Uma das preocupações da médica é como lidar com as mudanças que o coronavírus impôs às relações de modo geral, incluindo com os familiares dos pacientes.
“Mesmo no hospital não estamos preparados para as mortes. O sofrimento pela perda do paciente tem que ser rápido porque já tem outro no mesmo leito. E nem podemos mais dar aquele abraço, ter aquele contato físico de suporte com os familiares. Só nos resta a escuta”.
Sobre quem atua
Sílvia Regina Duarte, 58, é aposentada e descobriu o programa VER – Voluntariado Emílio Ribas em uma feira do SEBRAE (Serviço Brasileiro de Apoio às Micro e Pequenas Empresas) em 2016, enquanto enfrentava uma depressão.
“O VER me salvou naquela época e está me salvando nesta quarentena. Eu faço parte do projeto Administrativo. Sinto muita saudade. Nosso espaço no hospital está apenas aguardando retornarmos. Tenho que aprender a lidar com a espera”.
Sílvia sabe que a distância neste momento é importante para o bem-estar coletivo, mas a saudade é constante, principalmente em momento difíceis.

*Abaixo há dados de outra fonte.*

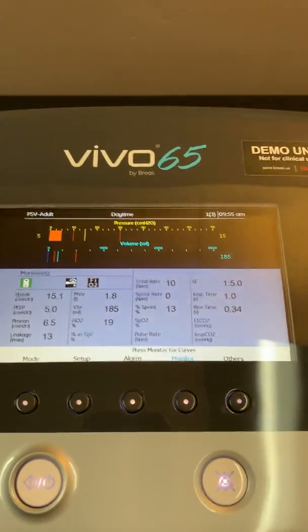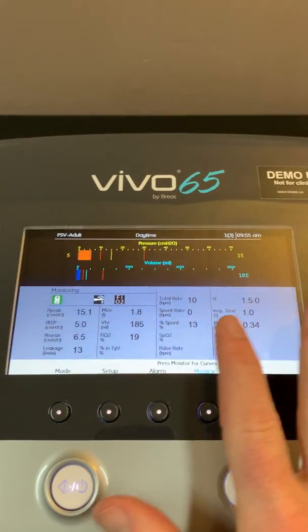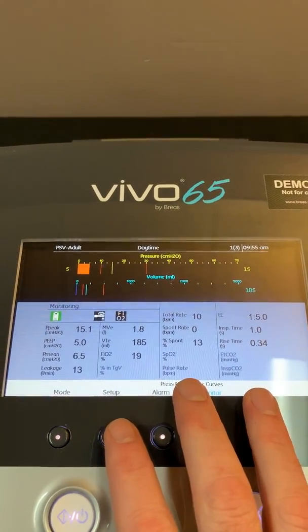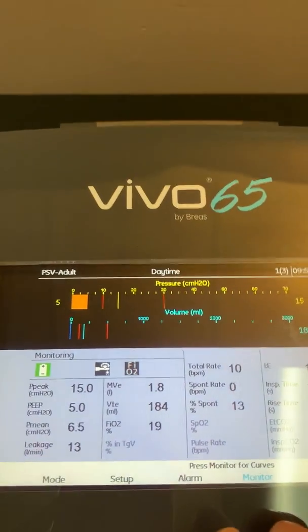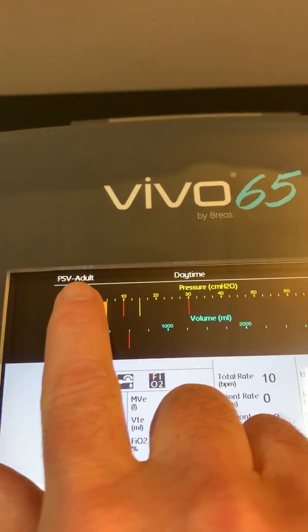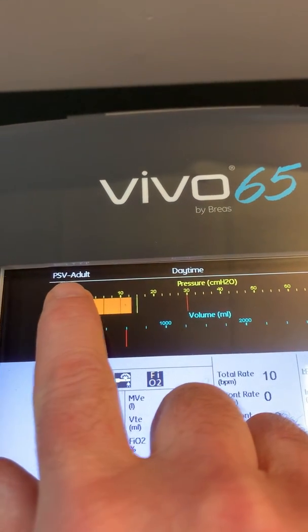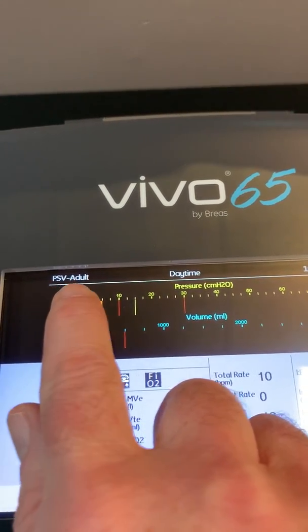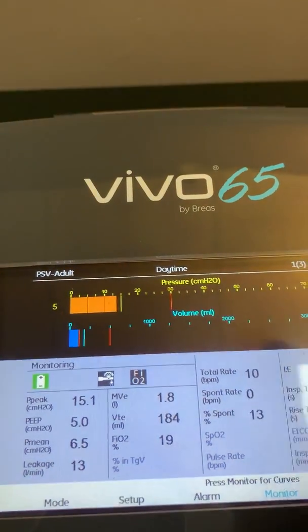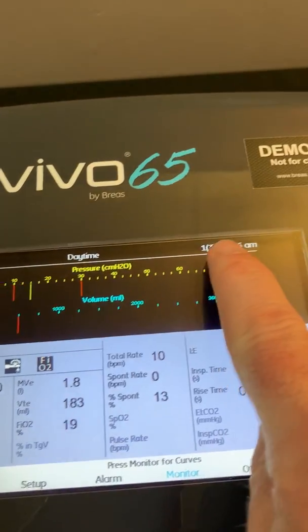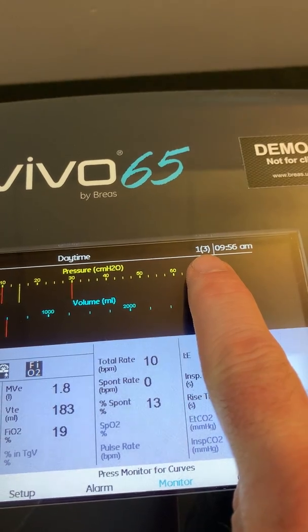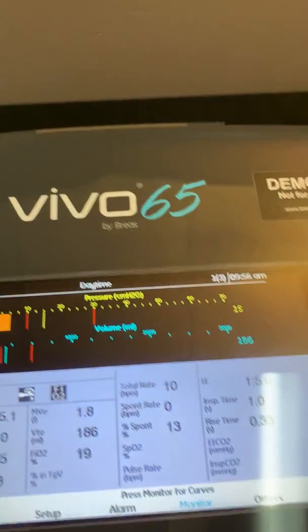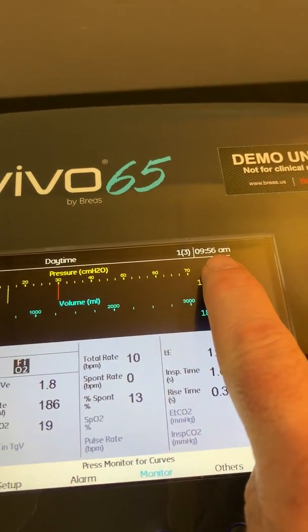The main monitoring screen shows all your main measured values coming from the patient. In the upper left-hand corner you'll see the mode of ventilation — currently pressure support ventilation in the adult patient mode, daytime profile, page one of three pages of monitoring, and the current time.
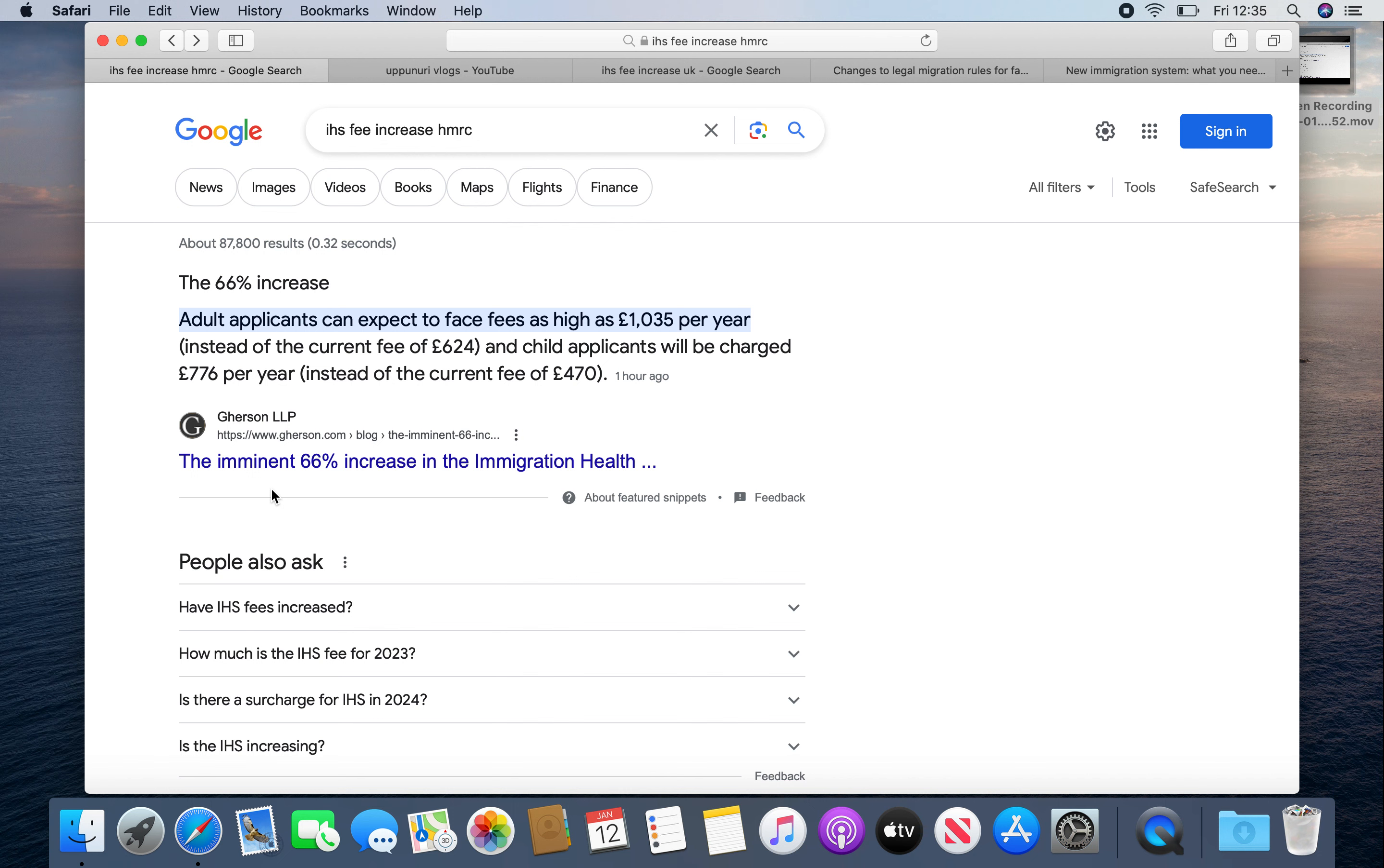If you are a doctor, nurse, etc., if you are a student, you can apply for health insurance. This is the first update.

“Minha mãe, de 95 anos, acabou de vencer a Covid-19. Converso com as meninas [voluntárias] pelo Whats, mas não é a mesma coisa. Queria os nossos abraços, as nossas trocas entre um café e outro”.
Voluntária do projeto Reiki – terapia por imposição de mãos usada para reestabelecer e reequilibrar a energia natural do corpo, que atua de forma coadjuvante nas terapias convencionais –, a aposentada Marcia Maria Vendramini conheceu o VER por acidente, ao encontrar uma amiga que trabalha no Emílio Ribas no metrô.
“Fazia tempo que eu queria trabalhar em hospitais. Já conhecia o Reiki há 20 anos, então foi perfeito encontrar o projeto. Entramos na vida daquele paciente e tentamos oferecer algo bom”.
O grupo que compõe o projeto vai de leito em leito, incluindo na UTI, oferecer o Reiki, que promove a troca de energias.
“Com alguns pacientes criamos um vínculo, pois acabamos o encontrando toda semana. Mas tem dor também, quando buscamos um e descobrimos que ele veio a óbito. A gente entra ali e encontra uma pessoa vulnerável, mas verdadeira. Sem qualquer máscara social”.
Dione Dantas Sitibaldi
22/05/2020 @ 15:40
Maravilhoso projeto!
Faço parte dessa turma que se formou agora em março de 2020, mas ainda não pôde participar ativamente junto aos pacientes do hospital.
Tenho certeza que quando tudo passar, o VER será ainda mais forte e mais imprescindível no Emílio Ribas.
Parabéns, Dra. Glória pelo trabalho incansável e pelo coração maravilhoso!
Parabéns a todos os voluntários desse grupo incrível!
Já já poderemos nos encontrar novamente!